Last October, Steve Wynn made a mistake. In the context of an earnings conference call, he suggested that a regulatory process that addressed how many tables could be offered in a casino in Macau was basically stupid.
Unfortunately, the target of his message lived by a code that such public shaming was a manifest and material loss of face and such an action could not take place without a cost. And as the gaming world has clearly seen, that cost is a very low allotment of gaming tables for Wynn’s new resort in Cotai.
As I have gotten older, I seem to continually re-learn the lesson that it is often better to be happy than right, and when it comes to rants during earnings calls, my guess is that Mr. Wynn now really appreciates that concept. If there is a call that he and his many stakeholders could take back, I would guess it would be that call.
But that is that, and unfortunately another interesting thing that I believe I have learned about the Chinese mindset is that it definitively has a long view—meaning, of course, that Wynn will probably be in the penalty box longer than he would like.
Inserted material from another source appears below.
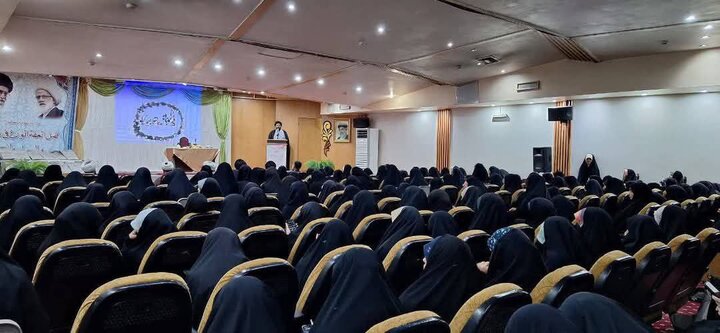 جامعة المصطفى تكريم الطالبات والمبلغات مشهد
Underneath this all, however, is the fact that Wynn was absolutely right. For a regulatory entity to make an effort to control the inputs into the production process is a huge market distortion—and market distortions, by definition, screw up markets, and this leads to a stream of unintended consequences that typically benefit no one.
Furthermore, one does not have to fly to Asia to see this, for an integral aspect of the tribal compacting process in California is the placing of caps on the number of devices that the casino facility can offer.
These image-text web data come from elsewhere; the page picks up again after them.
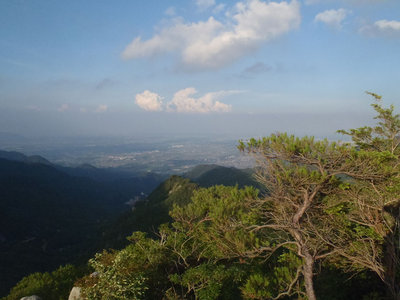 日陰岩峰.JPG (147.78 KiB) 閲覧された回数 6777 回 日陰尾根岩峰からの展望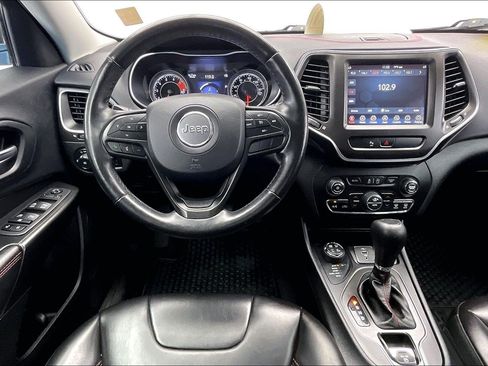 Used 2019 Jeep Cherokee Trailhawk w/ Cold Weather Group AWD/4WD image 4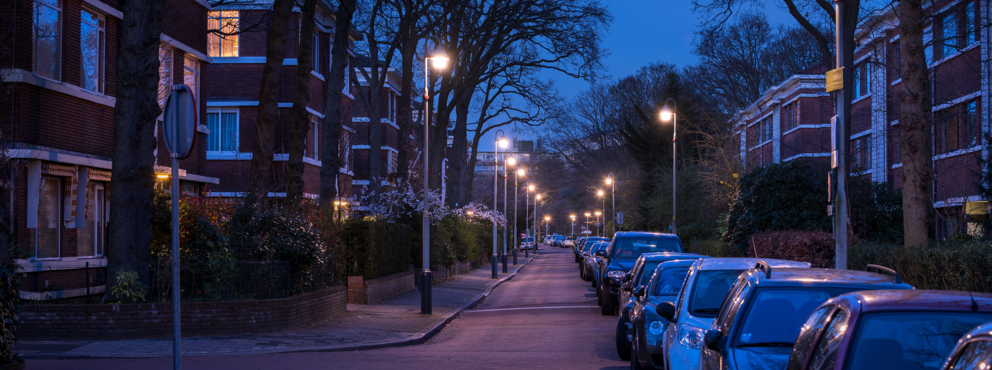 Lightronics BERLAGE armatuur in een woonwijk in Den Haag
If a casino is to have its tables or slots limited to a number below that which would exist if determined by market forces, the results are somewhat predictable. The casino will not be able to meet demand, and will therefore offer overcrowding and poor service to its guests.
With slots, even if they are server-based, there will be denominations that are not available, and people will not be able to get on machines. For table games, the casino reacts to the lack of supply by raising the table limits, which eliminates the revenues and repeat patronage of the lower-tier player. And the fact that this casino offers poor service because of this supply restriction is not good for anyone.
A major issue with regulatory entities is that they are monopolies, led and staffed by people who often have a limited literacy and fluency in business, finance, economics and other skill sets that are materially important to understand in order to orchestrate an appropriate public policy and avoid the all-too-present law of unintended consequences.
Furthermore, as a result of this limited literacy and fluency, they often make decisions based on fear and/or ignorance. The end of this daisy chain is that people who are trying to invest in communities, pay taxes, employ people and enhance the tourism appeal of a jurisdiction get subjected to a regulatory circus that, quite frankly, makes no sense.
It is the damage that these regulators do to the public policy goals of their jurisdictions that should be the cause of the loss of face, and not someone speaking to the truth.